At one point in time we should be aware of the importance of acknowledging one’s greater strengths and for this I want to share with you a wonderful story!
The Story of the Chained Elephant
by Jorge Bucay
When I was a small boy, I loved going to the circus. Animal acts were my favorite. I was quite impressed by the elephant, who is — as I found out later — the favorite animal of all children. The elephant’s part of the show was a display of his huge weight, his immense size and power… Then, as the show was approaching its end, slightly before the elephant had to return to his tent, he was standing tied to a tiny wooden stake driven partially into the ground. A chain was wrapped around his feet.
The size of the stake was very small, and the part of it that was driven into the ground was even smaller. The chain that was wrapped around the legs of the elephant was quite large, but it seemed quite obvious, even to my childish mind, that an animal whose power was so large, so immense that it could rip trees off the ground and hurl them to others, was more than enough to let the elephant just rise and walk away.
That was the mystery of the elephant.
What sort of immense force could keep the elephant tied to that tiny stake?
Why didn’t he rise and walk away?
When I was five or six years old, I put great trust in the wisdom of the elder people. So I asked my teacher, my father, and my uncle about the mystery of the elephant. I don’t remember anymore who gave me the particular answer, but one of the replies was that the elephant doesn’t run away because he is “tame”.
Then I asked the obvious question: “If he’s tame, why do they have to chain him?” I don’t think I ever got a satisfactory answer to this question.
As time went by, I forgot all about the mystery of the huge elephant and the tiny stake. The mystery would only resurface when I was at the company of others who had wondered about the same thing.
Then, a few years ago, I discovered that someone knew why the elephant doesn’t run away.

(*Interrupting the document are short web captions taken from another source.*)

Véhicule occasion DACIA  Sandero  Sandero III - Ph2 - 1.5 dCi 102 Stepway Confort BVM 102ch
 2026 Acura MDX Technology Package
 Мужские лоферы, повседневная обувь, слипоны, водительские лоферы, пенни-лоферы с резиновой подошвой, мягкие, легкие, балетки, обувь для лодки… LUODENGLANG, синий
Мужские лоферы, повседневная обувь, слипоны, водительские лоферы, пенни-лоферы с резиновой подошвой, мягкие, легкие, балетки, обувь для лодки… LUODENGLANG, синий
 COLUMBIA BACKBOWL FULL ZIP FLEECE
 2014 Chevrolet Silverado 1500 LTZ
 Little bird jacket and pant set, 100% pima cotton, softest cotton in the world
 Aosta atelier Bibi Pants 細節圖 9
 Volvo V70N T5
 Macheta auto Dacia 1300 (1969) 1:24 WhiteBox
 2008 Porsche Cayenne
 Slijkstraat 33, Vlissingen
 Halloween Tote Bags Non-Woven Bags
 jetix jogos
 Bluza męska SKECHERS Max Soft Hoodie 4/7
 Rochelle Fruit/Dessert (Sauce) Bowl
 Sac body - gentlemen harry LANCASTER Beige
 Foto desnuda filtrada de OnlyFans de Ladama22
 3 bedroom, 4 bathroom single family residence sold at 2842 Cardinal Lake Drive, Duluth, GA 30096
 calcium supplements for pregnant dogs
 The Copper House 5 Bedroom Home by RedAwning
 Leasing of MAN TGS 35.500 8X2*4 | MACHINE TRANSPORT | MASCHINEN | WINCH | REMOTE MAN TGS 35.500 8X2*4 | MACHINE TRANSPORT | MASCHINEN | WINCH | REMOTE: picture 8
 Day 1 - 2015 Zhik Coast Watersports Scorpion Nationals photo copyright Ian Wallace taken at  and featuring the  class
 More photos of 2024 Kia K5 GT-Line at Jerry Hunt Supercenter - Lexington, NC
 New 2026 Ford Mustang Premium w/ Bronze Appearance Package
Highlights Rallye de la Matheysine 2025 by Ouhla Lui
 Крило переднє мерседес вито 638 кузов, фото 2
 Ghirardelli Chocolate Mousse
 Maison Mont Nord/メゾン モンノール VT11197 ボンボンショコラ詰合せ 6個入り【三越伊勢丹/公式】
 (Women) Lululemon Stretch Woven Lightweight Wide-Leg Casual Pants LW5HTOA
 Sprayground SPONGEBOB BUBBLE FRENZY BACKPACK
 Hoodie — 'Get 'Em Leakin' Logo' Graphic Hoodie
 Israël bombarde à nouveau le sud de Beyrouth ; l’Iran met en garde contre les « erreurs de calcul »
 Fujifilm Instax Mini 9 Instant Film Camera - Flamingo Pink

The elephant doesn’t run away because they have been tying him to a similar stake ever since he was very very small too.
I closed my eyes, and I tried to imagine the small, newborn elephant, chained to the ground. The small elephant would push, pull and struggle with all his strength, trying to free himself, but he would fail. Despite all his efforts, he would fail again and again, because that stake and chain was too big for his strength.
The elephant would sleep exhausted from all his efforts to free himself, and would wake up the next day. All his struggles would fail the next day too, and a third day, and a fourth, and many tiresome, exhausting days after those. Then one day would come — a horrible day for the history of our elephant — a day that he would just give up, and accept his fate, deciding that he was too weak to escape, that his strength was not enough and would never be enough.
The huge and immensely powerful elephant that we see in the circus does not run away because the poor animal believes that he cannot do that.
The memory of the lack of strength he felt a little after his birth is now deeply engraved to his very soul and spirit.
The worst of it all is that he has never tried to free himself since.
He never ever tried to test his powers again.